Former Greens Leader Fighting Trespass Charge After Anti-Logging Protest

Dr. Brown’s lawyers argue the charge should be dismissed.
Former Greens Leader Fighting Trespass Charge After Anti-Logging Protest
The felled tree in which Bob Brown argued was a nesting site for the swift parrot. (Courtesy of Bob Brown Foundation)
Jim Birchall
12/5/2023
Updated:
12/5/2023
0:00

A former leader of Australia’s Green party and veteran environmentalist is before the courts fighting a trespass charge related to an incident in 2022, where he and two others were arrested at an anti-logging protest in Tasmania.

Robert (Bob) Brown, who served as senator and the parliamentary leader of the Australian Greens until 2012, was arrested along with Kristy Lee Alger and Karen Lynne Weldrick for allegedly trespassing in Tasmania’s Eastern Tiers Forrest Reserve on Nov. 8, 2022.

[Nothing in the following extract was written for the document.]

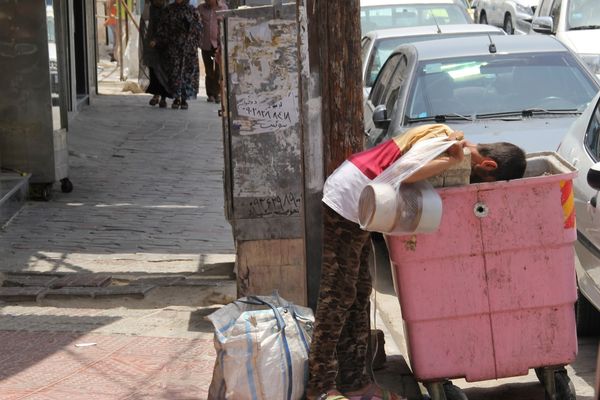 "أسوشييتد برس": الفقر أصبح جزءًا واضحًا من الحياة اليومية في إيران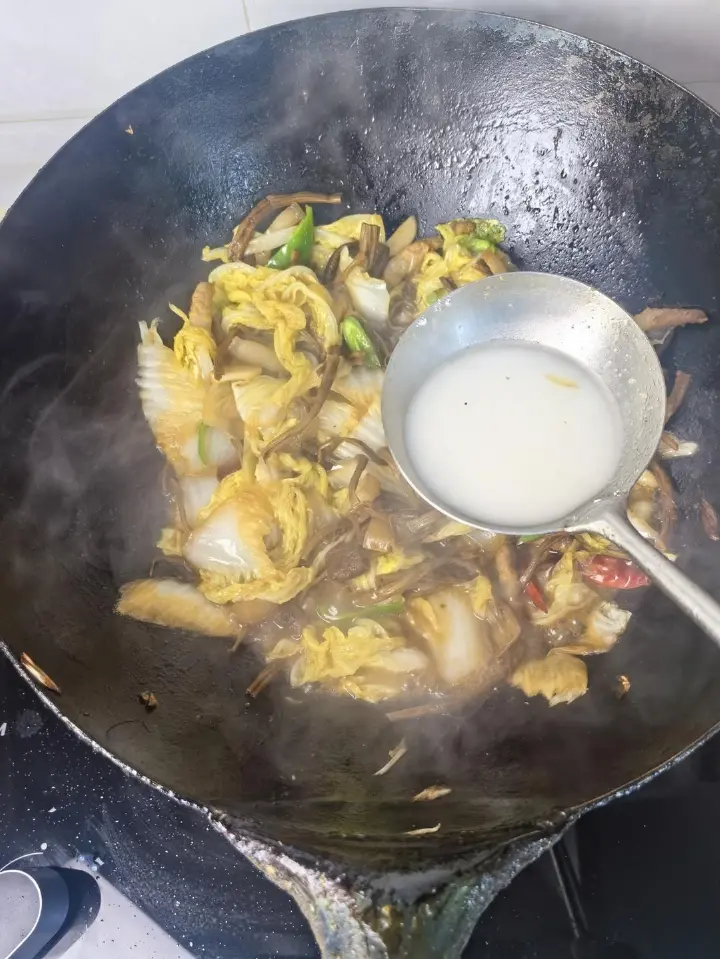 白菜炒茶树菇 第 14 步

The trio have all pleaded not guilty to the single charge of trespass, appearing in front of Magistrate Jackie Hartnett in Hobart Magistrates Court.

The defendants said they were in the Snow Hill area to try and protect—from logging—the nesting habitat of an endangered swift parrot, which is native to south-eastern Australia.

The court heard that safety concerns resulted in a tree, in which a swift parrot was nesting, being cut down by forestry officials, something Dr. Brown viewed as an “act of official vandalism and spite.”

Sustainable Timber Tasmania forest officer Dion McKenzie said the tree, which had been occupied by an activist, was cut down as it was “ overmature” meaning it was overgrown, making it suspect to branch fall, and that it was was no longer of commercial value.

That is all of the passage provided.